Girişim Yeşil bakanlar tarafından başlatıldı
Alman hükümeti ve güvenlik çevrelerinden çok sayıda kaynak Bild’e silah tedarikinin dondurulmasının Yeşiller’in iki ağır topu Ekonomi Bakanı Robert Habeck ve Dışişleri Bakanı Annalena Baerbock’un emriyle başlatıldığını doğruladı.
Alman Ekonomi Bakanlığı kamuoyu önünde farklı bir tutum sergilemişti.

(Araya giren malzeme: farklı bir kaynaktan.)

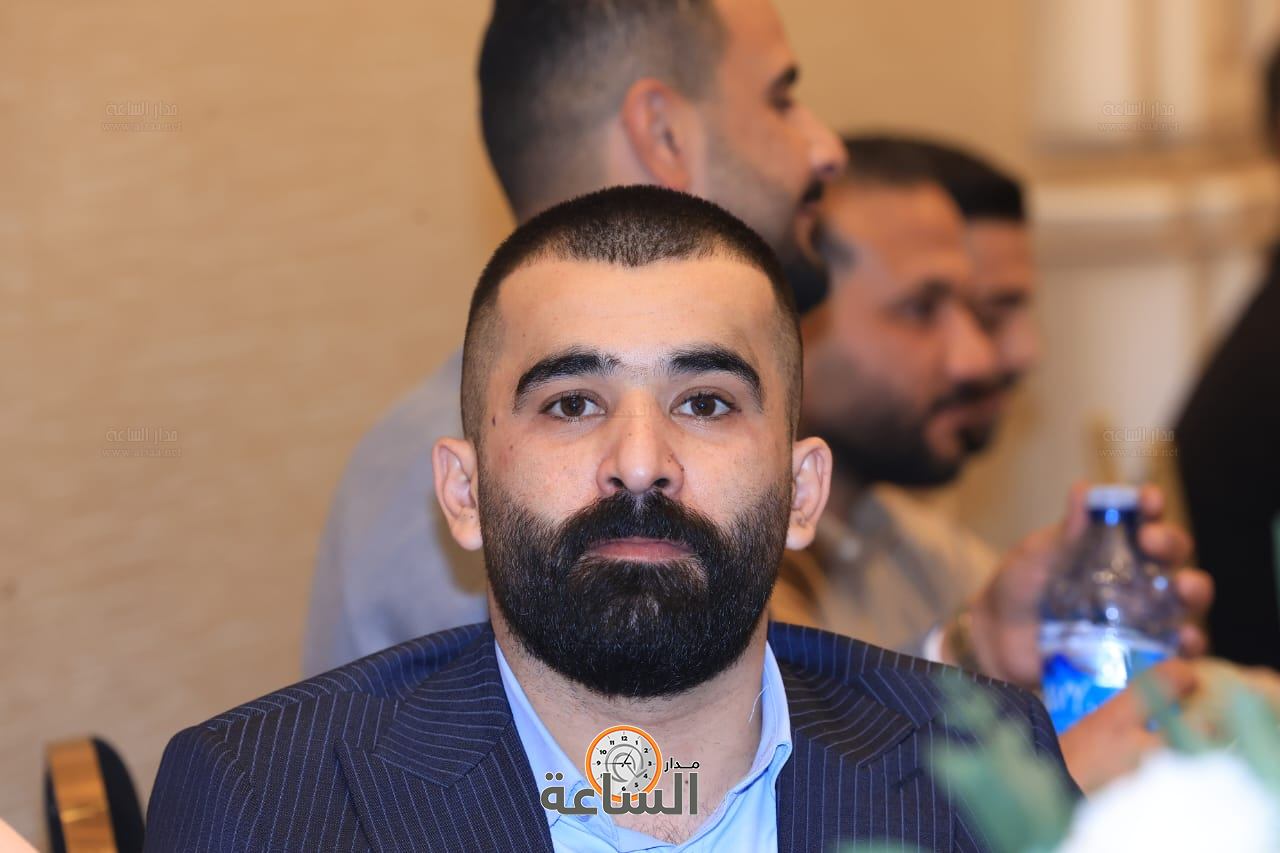 Madar Al-Saa Images 0.1360543970363567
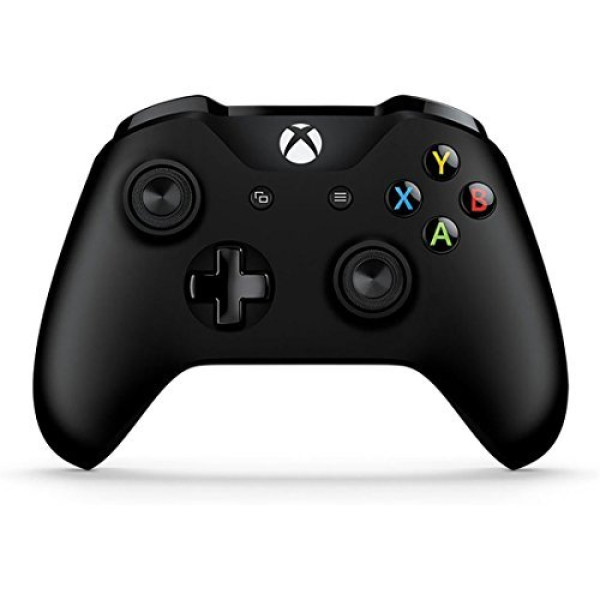 Microsoft Xbox One Gamepad Control Inala...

Geçen ay Bild’in sorularını yanıtlayan bakanlık, “İsrail’e silah ihracatında ambargo söz konusu değil, her talep kendi içinde değerlendirilir,” diye ısrar etmişti.
Fakat Bild’e göre perde arkasında farklı bir anlatı ortaya çıkıyordu. İsrail’in acil silah ve yedek parça talepleri (tank ve helikopterler için kritik bileşenler) bürokratik belirsizlik içinde bekletildi.
Bild’in kaynakları, Yeşiller’in “zorlu bir barikat” kurduğunu ve İsrail tartışmalı koşullarını yerine getirene kadar onaylar konusunda adım atmayı reddettiğini öne sürüyor.
Buna göre Yeşiller, Tel Aviv yönetiminden “Almanya’dan giden silahların soykırım için kullanılmayacağına” dair yazılı bir taahhüt istiyordu.
“İsrail’in soykırım yapıyor olabileceğine dair şüphe oluşturuyor”
Konuyla ilgili bilgi sahibi olan kişiler Habeck ve Baerbock’un talebini “saçma” olarak nitelendiriyor ve söz konusu şartın “tek ve üstü örtülü” amacının “İsrail’e silah tedarikini engellemek” olduğunu düşünüyor.
Bild’e konuşan kişilere göre böyle bir şartın öne sürülmesi bile “İsrail’in soykırım yapıyor olabileceğine dair bir şüphe gölgesi yaratıyor.”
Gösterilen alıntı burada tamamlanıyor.